# Work instructions
Your answer should consist solely of the lines from the one holding "BMW iX3 High" through the final line of the entries, reproduced exactly and without pictures.

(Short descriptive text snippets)
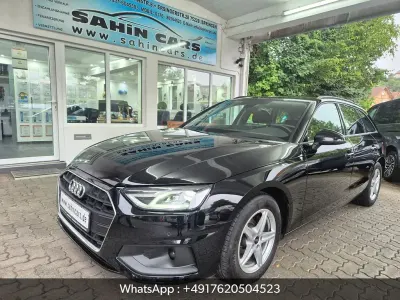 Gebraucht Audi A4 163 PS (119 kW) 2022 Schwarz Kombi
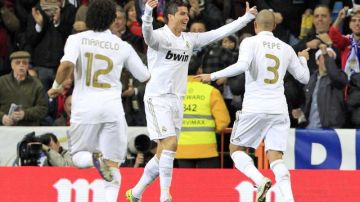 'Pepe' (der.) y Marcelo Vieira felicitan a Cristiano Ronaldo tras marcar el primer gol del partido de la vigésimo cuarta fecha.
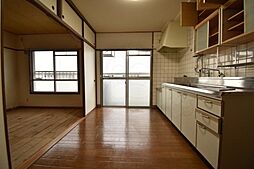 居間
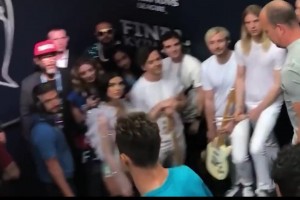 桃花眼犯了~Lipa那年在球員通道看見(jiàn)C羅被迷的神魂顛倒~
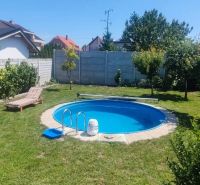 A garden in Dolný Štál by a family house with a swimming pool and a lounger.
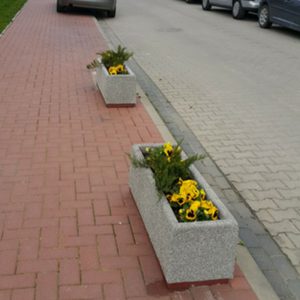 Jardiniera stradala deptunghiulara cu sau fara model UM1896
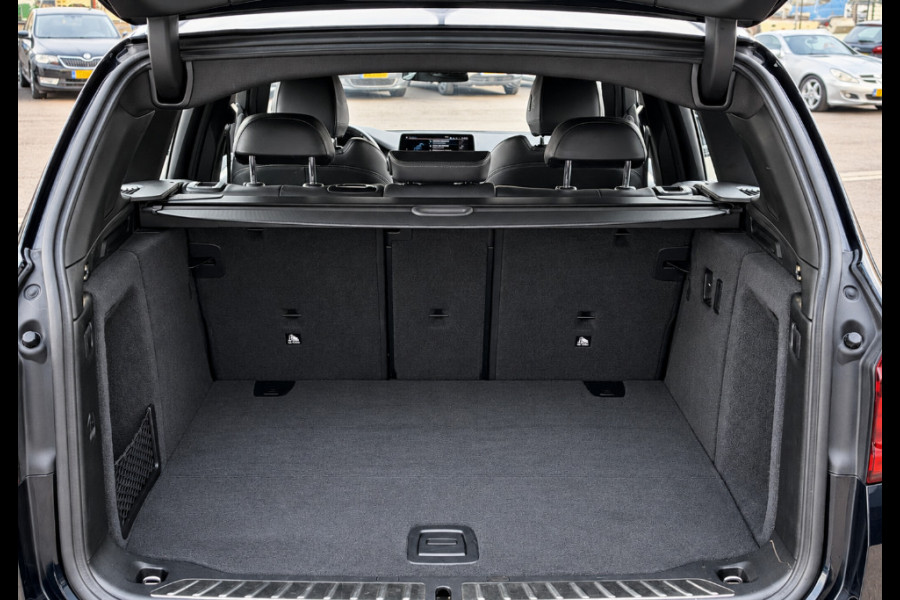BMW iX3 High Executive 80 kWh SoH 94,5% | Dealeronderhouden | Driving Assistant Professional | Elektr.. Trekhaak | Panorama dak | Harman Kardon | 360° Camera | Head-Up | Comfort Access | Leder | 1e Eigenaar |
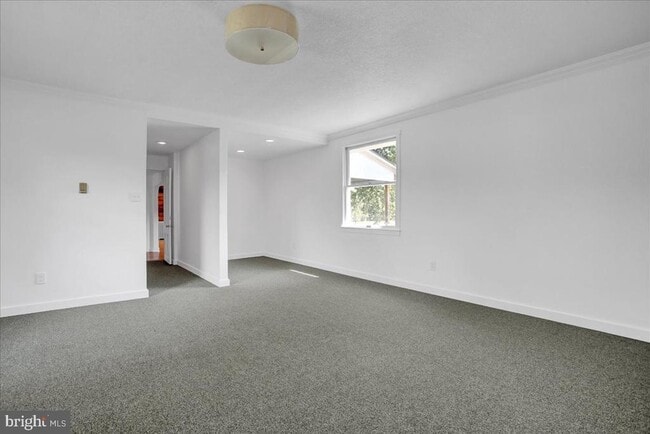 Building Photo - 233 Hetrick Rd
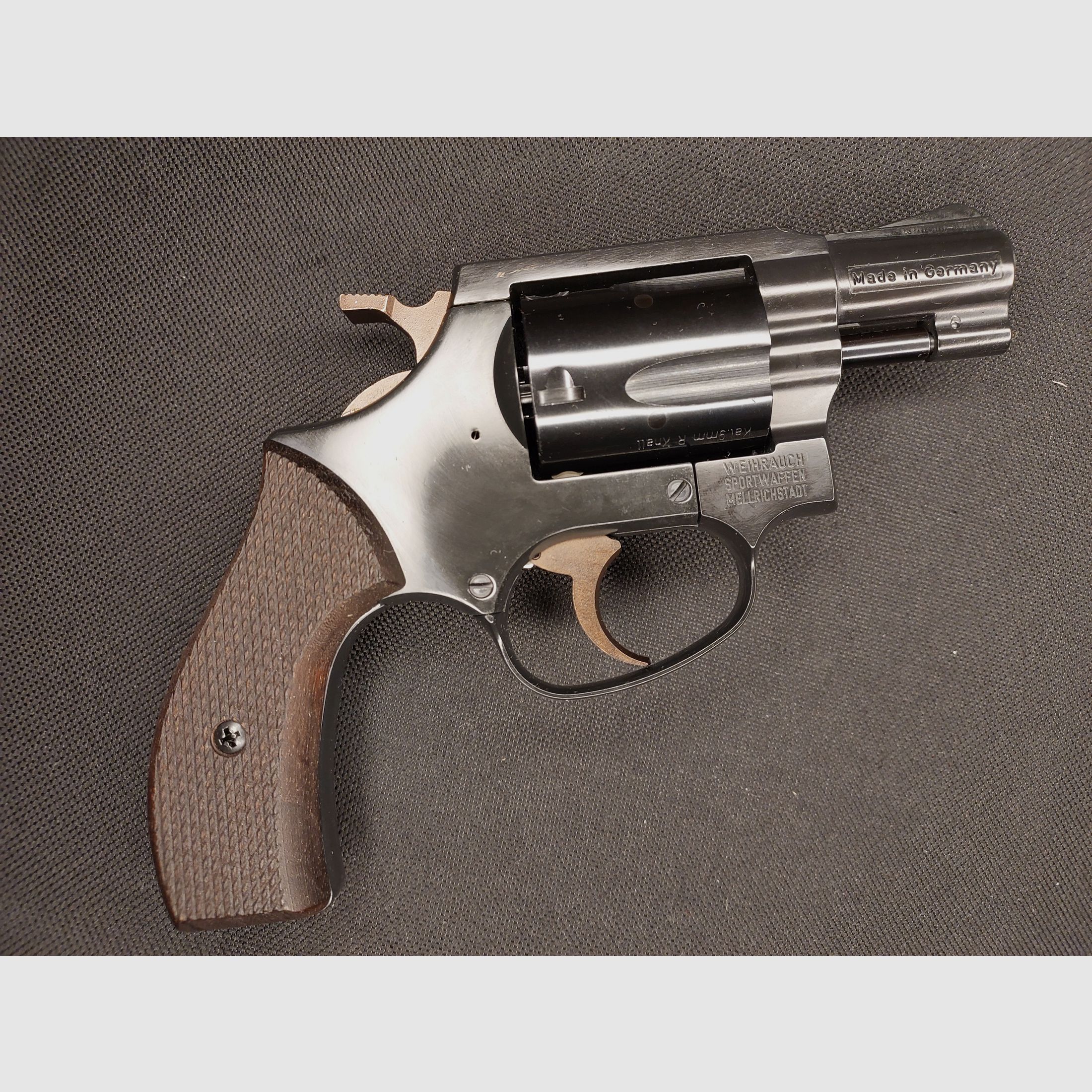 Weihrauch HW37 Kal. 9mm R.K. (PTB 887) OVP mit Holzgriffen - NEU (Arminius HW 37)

# Your solution
BMW iX3 High Executive 80 kWh SoH 94,5% | Dealeronderhouden | Driving Assistant Professional | Elektr.. Trekhaak | Panorama dak | Harman Kardon | 360° Camera | Head-Up | Comfort Access | Leder | 1e Eigenaar |
 Building Photo - 233 Hetrick Rd
 Weihrauch HW37 Kal. 9mm R.K. (PTB 887) OVP mit Holzgriffen - NEU (Arminius HW 37)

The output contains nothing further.